Mentre parlava, armeggiò con lo spartito per canto e piano su cui aveva cerchiato in rosso i passaggi indicati dal direttore d’orchestra.
«Certo», rispose Jane, andando a sedersi al pianoforte, per poi svogliare sullo spartito. «Ti va bene iniziare da qui?»
Ygraine annuì. Aspettò che Jane suonasse poche note prima di attaccare, cercando di seguire le indicazioni del direttore. Le piaceva come emergeva di più l’idea che Elsa fosse mossa dalla paura di perdere l’uomo di cui era innamorata, lasciando presagire che, nel suo timore, lo avrebbe realmente perso, perché dubitava di lui.
E mentre cantava si rese conto di non riuscire a comprendere del tutto quel personaggio e quei suoi dubbi. Non era tanto il timore della perdita che la faceva sentire lontana da Elsa, quanto piuttosto il modo in cui giungeva a non fidarsi dell’uomo che amava. O, forse, la protagonista dell’opera non amava realmente Lohengrin, ma l’idea che di lui si era fatta e per questo, nel momento in cui si trovava davanti il cavaliere del cigno non era riuscita ad affidarsi realmente a lui.

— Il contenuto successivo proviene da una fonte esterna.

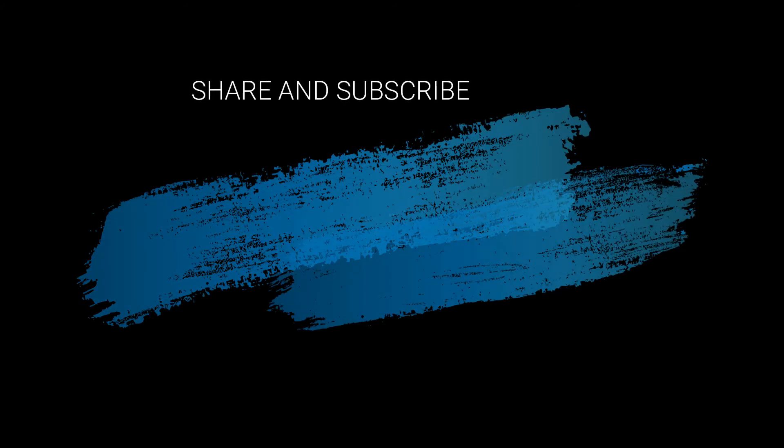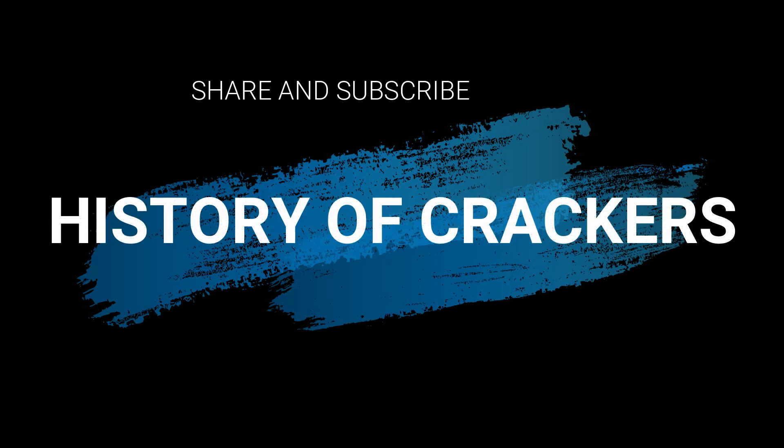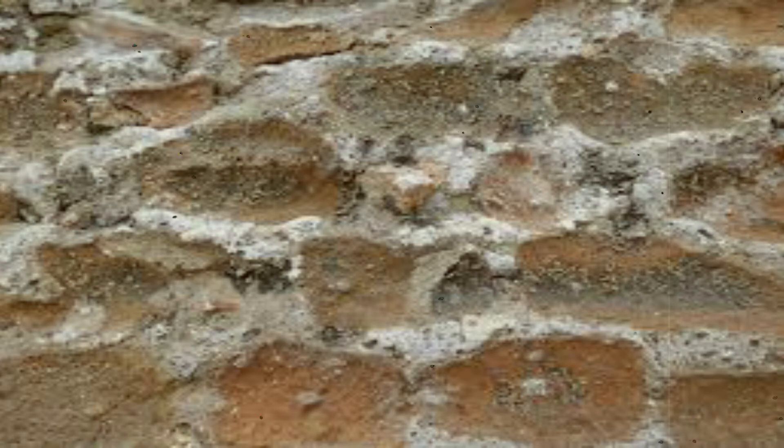Hi viewers, welcome to my channel. This is the first time we will share. Please subscribe. Now we will be able to share a new video. We have made a new video and we will celebrate the first video.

Forse, mesi prima, avrebbe potuto essere più in sintonia con il personaggio, ma in quel momento si sentiva distante anni luce da lei. L’amore per Severus non sarebbe mai esistito senza la fiducia che aveva provato fin da quando aveva lasciato Rebecca da sola nella sala del museo accanto a lui. Si chiese se fosse stato proprio da quella fiducia che si era così rapidamente alimentato l’amore che provava per lui, ma non seppe darsi una risposta.
E probabilmente, non era nemmeno importante trovarla.
«Vorrei rivedere anche una parte del terzo atto. Non credo di riuscire molto bene nel passaggio in cui Elsa pone le domande a Lohengrin.»
Mentre la pianista iniziava a suonare, il sole illuminò vivacemente la stanza e il sole splendeva al di fuori dell’appartamento di Jane, e si posava sui rami ancora spogli dei tigli e sui vialetti di un parco.
Rebecca sedeva tranquilla su una panchina, accanto a Severus. Si sentiva decisamente meglio quel giorno. Aveva ormai accettato che lei e la zia sarebbero andate in Francia, forse perché sapeva che l’uomo le sarebbe andate a trovare. Si sentiva ancora triste perché i suoi genitori non la volevano più, ma era certa che la zia sarebbe stata perfetta, perché lei l’amava anche se era una strega, così come l’amavano i nonni.
Osservò per un istante l’uomo e sorrise appena. Le piaceva stare con lui e, quando sarebbe andato a trovarle in Francia, era certa che avrebbero passato molto tempo insieme. Forse avrebbe dovuto dire alla zia di cercare una casa in cui Severus potesse lavorare alle sue pozioni, così lei avrebbe potuto chiedergli di aiutarlo. Riusciva quasi ad immaginarsi china su un calderone accanto all’uomo, mentre la zia li osservava con un sorriso dall’altra parte della stanza, con una partitura in mano.
Le sarebbe piaciuto vivere con zia Ygraine e Severus. Credeva anche che all’uomo piacesse la zia ed era certa che alla zia piacesse il mago. Però non sapeva come funzionassero le cose tra gli adulti. Forse, una delle volte in cui l’uomo sarebbe andati a trovarle avrebbe deciso di fermarsi e vivere con loro perché era la cosa più logica da fare.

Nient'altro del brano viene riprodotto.